A portion of the disclosure of this patent document contains material which is subject to copyright protection. This patent document may show and/or describe matter which is or may become trade dress of the owner. The copyright and trade dress owner has no objection to the facsimile reproduction by anyone of the patent disclosure as it appears in the Patent and Trademark Office patent files or records, but otherwise reserves all copyright and trade dress rights whatsoever.
This disclosure relates to monitoring of Information Technology (IT) infrastructure components.
Computer networks typically include IT infrastructure components, which are the things used to develop, test, deliver, monitor, control or support IT services. People, processes and documentation are not IT infrastructure components. The primary IT infrastructure components are hardware platforms, operating system platforms, applications, data management and storage systems, and networking and telecommunications platforms. IT infrastructure components include servers, storage, networking and applications. Computer hardware platforms include client machines and server machines. Operating system platforms include platforms for client computers and servers. Operating systems are software that manage the resources and activities of the computer and act as an interface for the user. Enterprise and other software applications include software from SAP and Oracle, and middleware software that are used to link application systems. Data management and storage is handled by database management software and storage devices include disk arrays, tape libraries and storage area networks. Networking and telecommunications platforms include switches, routers, firewalls, load balancers (including the load balancers of cloud services), application delivery controllers, wireless access points, VoIP equipment and WAN accelerators. IT infrastructure includes the hardware, software and services to maintain web sites, intranets, and extranets, including web hosting services and web software application development tools.
By monitoring IT infrastructure components, administrators can better manage these assets and their performance. Performance, availability and capacity metrics are collected from the IT infrastructure components and then uploaded to a management server for storage, analysis, alerting and reporting to administrators.

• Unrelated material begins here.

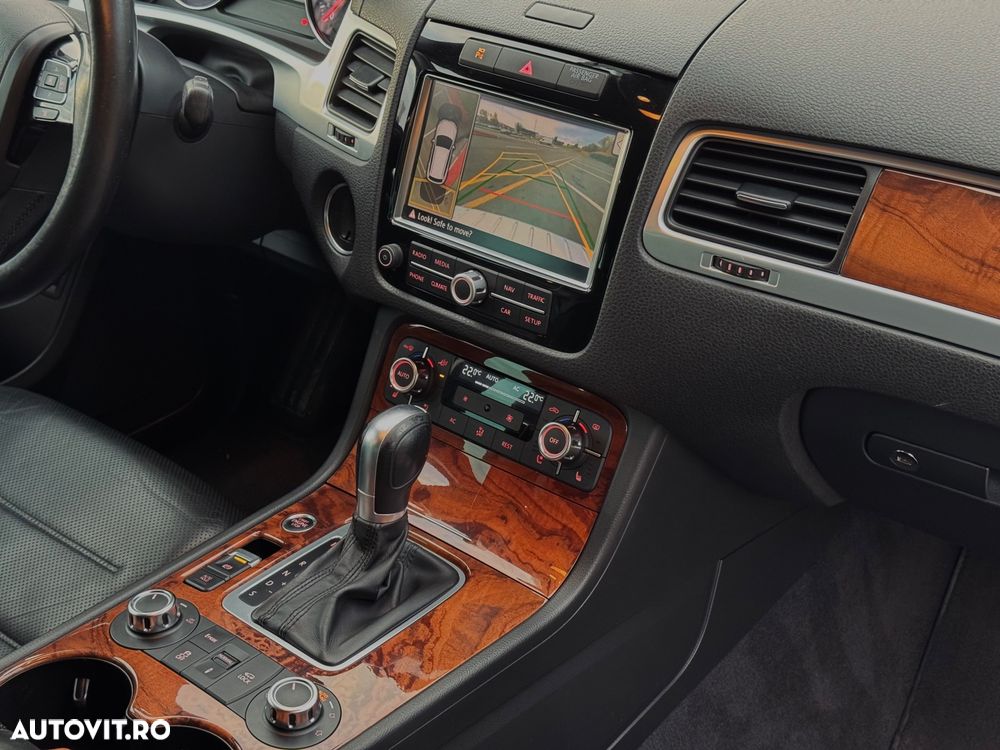 Volkswagen Touareg - 15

Software agents have been used to collect events and metrics about IT infrastructure components. That is, an agent is installed on the IT infrastructure component, and its purpose is to monitor the IT infrastructure component. Agents have been used to monitor various aspects of IT infrastructure components, at various layers from low level hardware to top layer applications.
Throughout this description, elements appearing in figures are assigned three-digit reference designators, where the most significant digit is the figure number and the two least significant digits are specific to the element. An element that is not described in conjunction with a figure may be presumed to have the same characteristics and function as a previously-described element having a reference designator with the same least significant digits.
Description of Apparatus
Referring now to
The cloud service 120 is a computing service made available to users on demand via the Internet from a cloud computing provider's servers. The cloud service 120 provisions and provides access to remote IT devices and systems to provide elastic resources which scale up or down quickly and easily to meet demand, are metered so that the user pays for its usage, and are self-service so that the user has self-service access to the provided services.

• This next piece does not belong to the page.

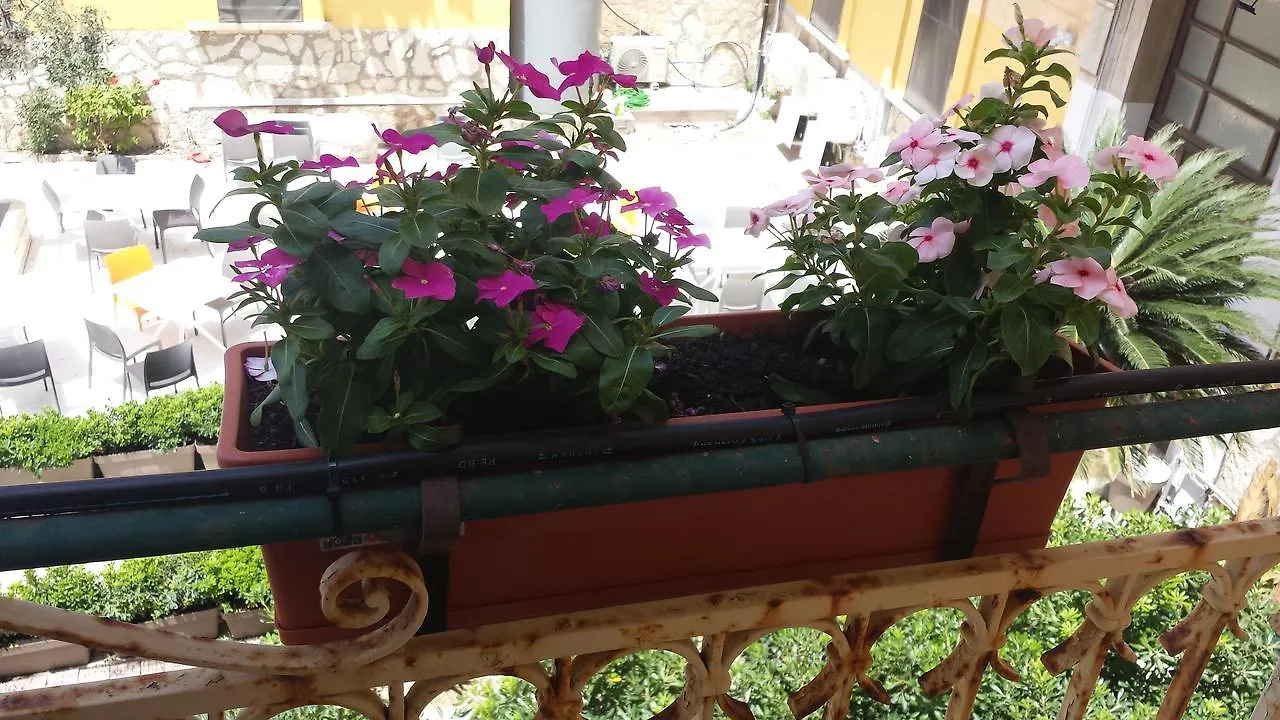 Hotel Al Bastione Imperiale Trapani 3*,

The servers 130b, 130c, 130d, 140a, 140b are computing devices that utilize software and hardware to provide services. The servers 130b, 130c, 130d, 140a, 140b may be server-class computers accessible via the network 140, but may take any number of forms, and may themselves be groups or networks of servers.
The firewall 150 is a hardware or software based network security system that uses rules to control incoming and outgoing network traffic. The firewall 150 examines each message that passes through it and blocks those that do not meet specified security criteria.
The switch 160 is a computer networking device that connects IT devices together on a computer network by using packet switching to receive, process, and forward data from an originating IT device to a IT destination device.
The client computer 170 is shown as a desktop computer, but may take the form of a laptop, smartphone, tablet or other, user-oriented computing device.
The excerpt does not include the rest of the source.